» **PROVIDED DATA**:
↓↓↓
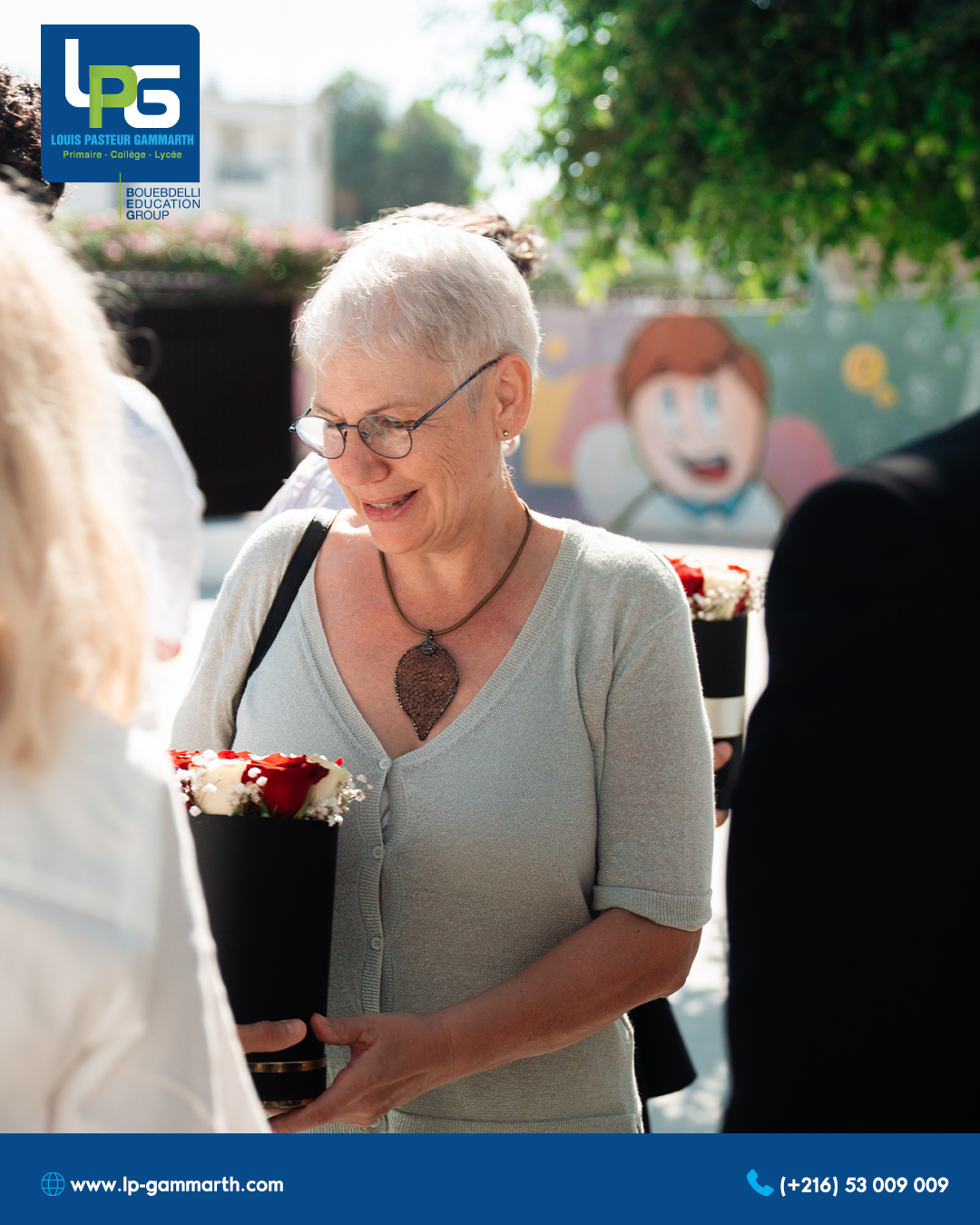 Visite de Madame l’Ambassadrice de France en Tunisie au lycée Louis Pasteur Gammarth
↑↑↑
↓↓↓
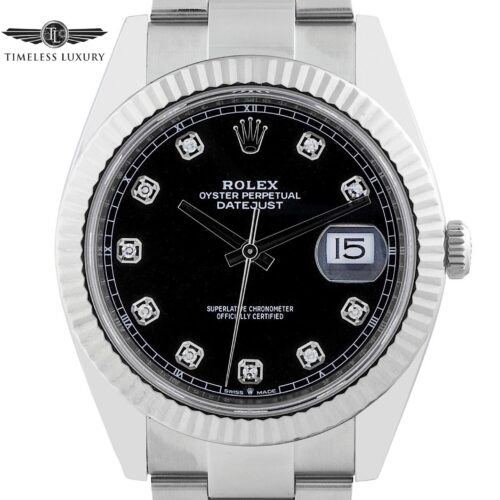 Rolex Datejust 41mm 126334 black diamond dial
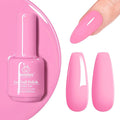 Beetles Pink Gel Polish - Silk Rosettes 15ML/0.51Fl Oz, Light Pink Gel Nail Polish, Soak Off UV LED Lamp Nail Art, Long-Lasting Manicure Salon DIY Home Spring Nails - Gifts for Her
↑↑↑
» **PROBLEM TO WORK ON**: Repeat exactly, and only, the entries from the line with "Rolex Datejust 41mm" through the line with "Beetles Pink Gel". Pictures are skipped.

» **SOLUTION FOR THIS PROBLEM**:
 Rolex Datejust 41mm 126334 black diamond dial
 Beetles Pink Gel Polish - Silk Rosettes 15ML/0.51Fl Oz, Light Pink Gel Nail Polish, Soak Off UV LED Lamp Nail Art, Long-Lasting Manicure Salon DIY Home Spring Nails - Gifts for Her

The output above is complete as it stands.